▶ **WHAT TO WORK ON**:
Keep the pictures out. Write out every line of the listing exactly.

▶ **GIVEN RECORDS**:
+===+

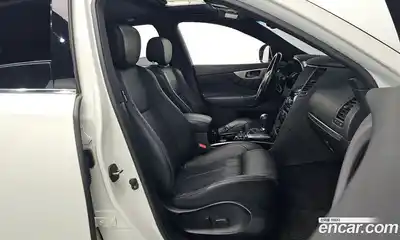 Infiniti QX70 2017 3.7 Автомат в Москве № 305311, миниатюра 3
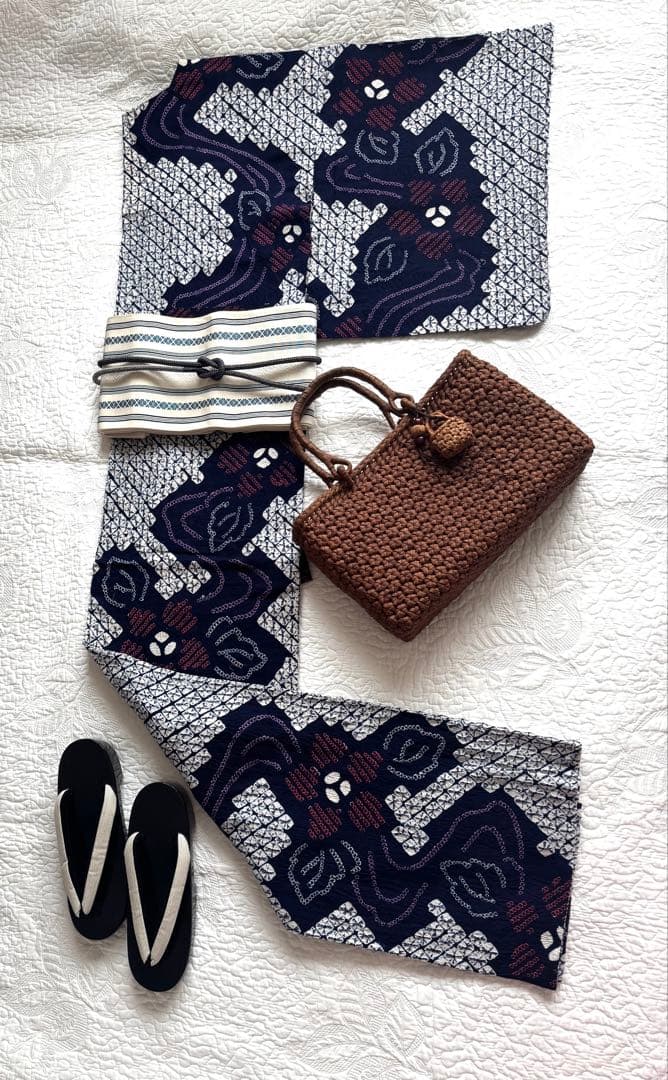 粋な大人の浴衣 高身長の方にも ◆ 有松絞り 流水花文 紫が効いたお洒落な色調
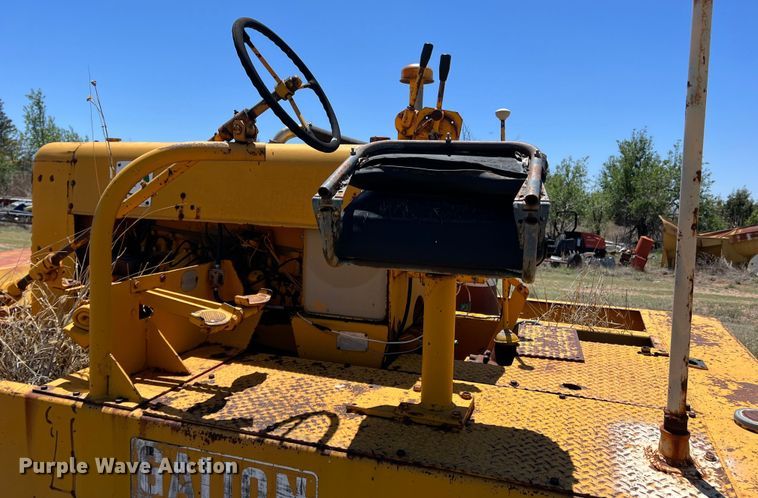 image for item LB9309 Galion Roll-O-Matic UB-220  pneumatic roller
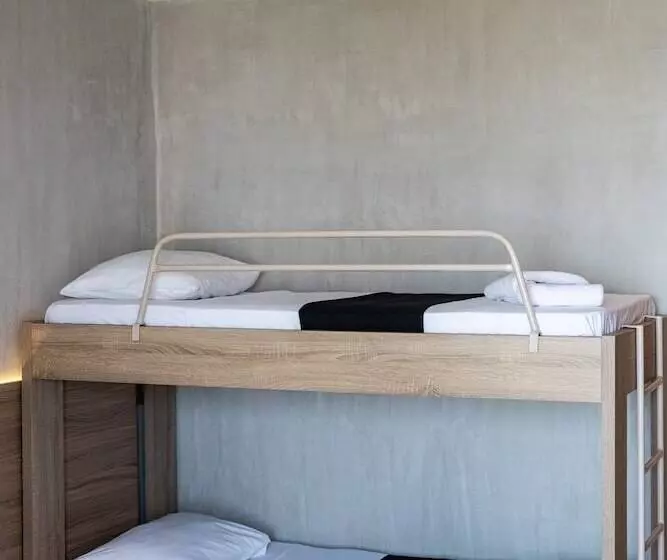 Hotelli Black & White Boho Resort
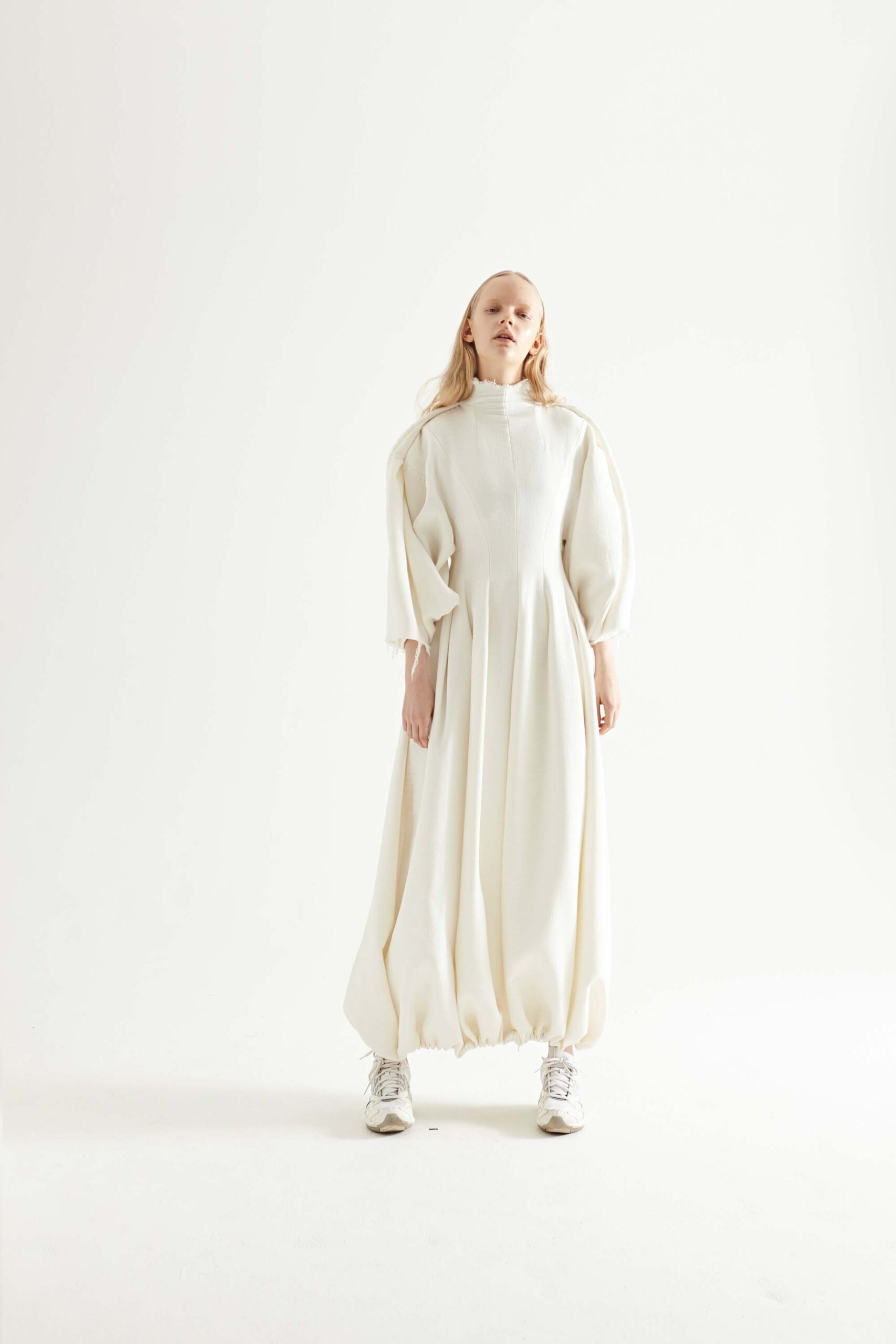 A.W.A.K.E. MODE F/W 17 Look 576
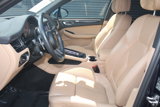 Certified 2022 Porsche Macan image 5
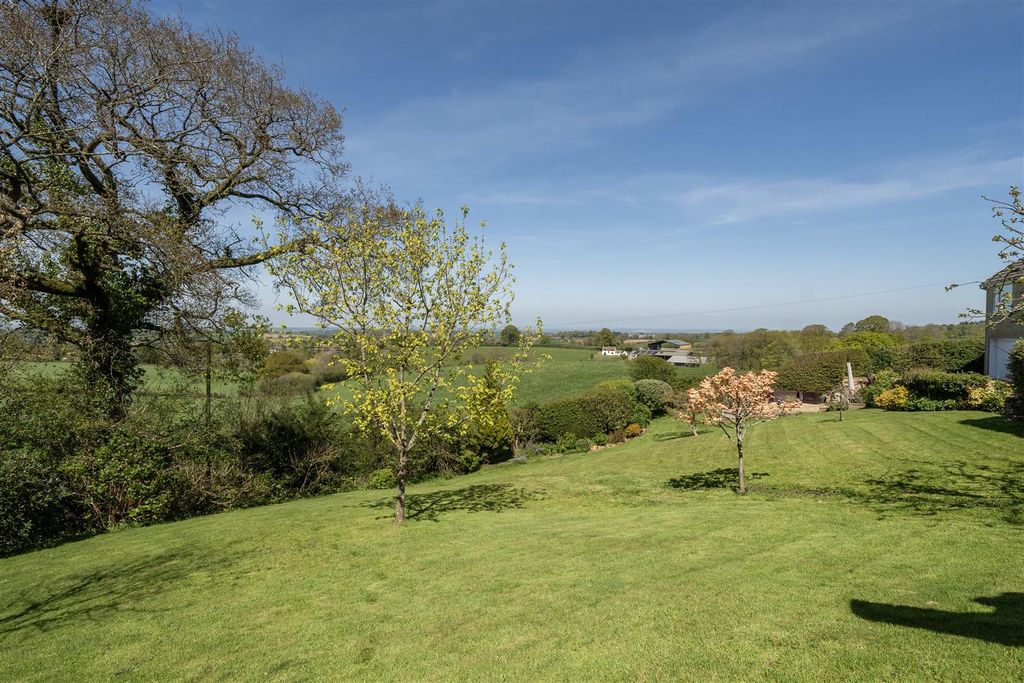 Property photo 3 of 22 Garden And View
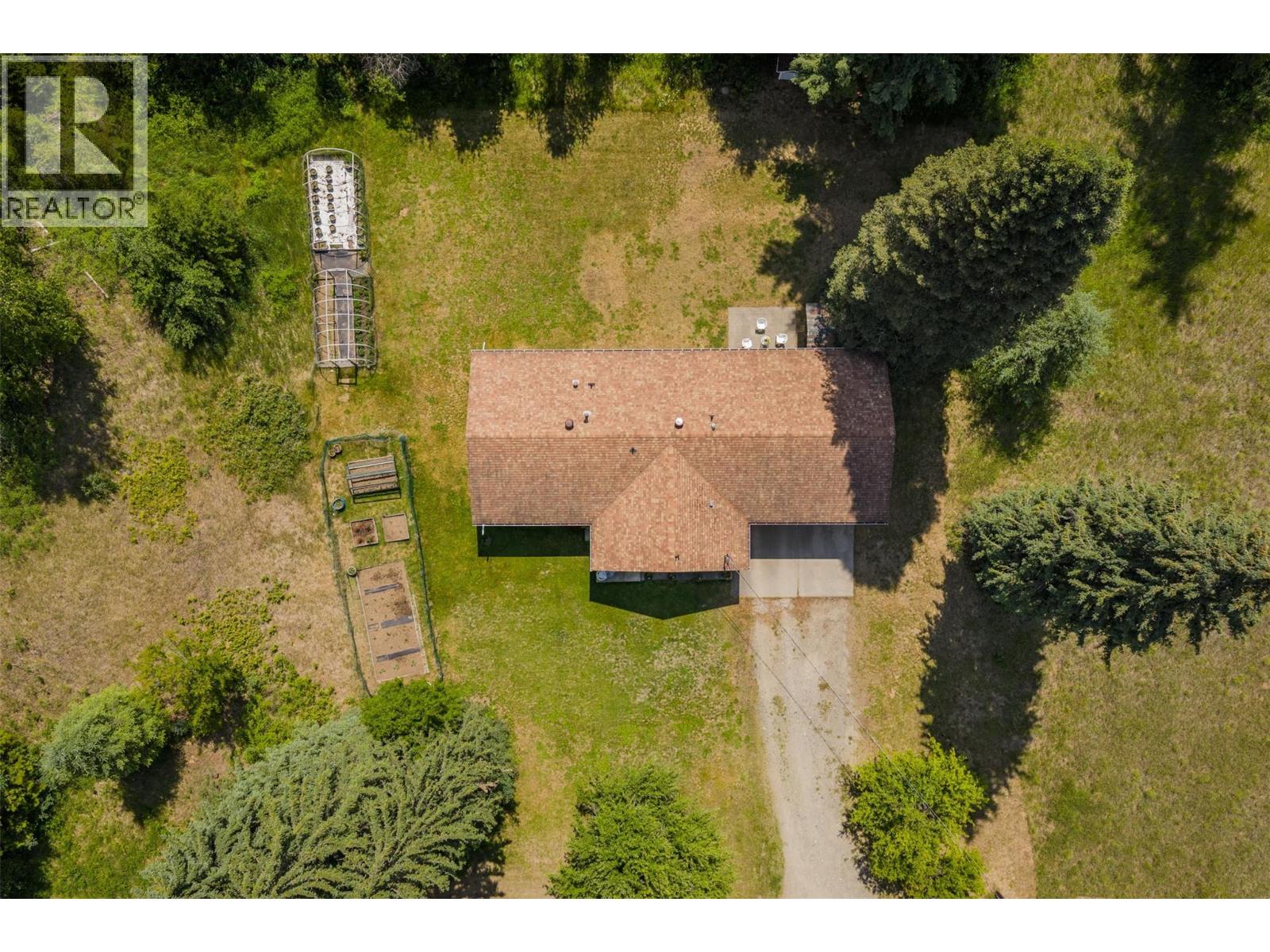 1764 Green Road, Fruitvale, British Columbia  V0G 1L0 - Photo 45 - 10366065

+===+

▶ **EXERCISE RESULT**:
 Infiniti QX70 2017 3.7 Автомат в Москве № 305311, миниатюра 3
 粋な大人の浴衣 高身長の方にも ◆ 有松絞り 流水花文 紫が効いたお洒落な色調
 image for item LB9309 Galion Roll-O-Matic UB-220  pneumatic roller
 Hotelli Black & White Boho Resort
 A.W.A.K.E. MODE F/W 17 Look 576
 Certified 2022 Porsche Macan image 5
 Property photo 3 of 22 Garden And View
 1764 Green Road, Fruitvale, British Columbia  V0G 1L0 - Photo 45 - 10366065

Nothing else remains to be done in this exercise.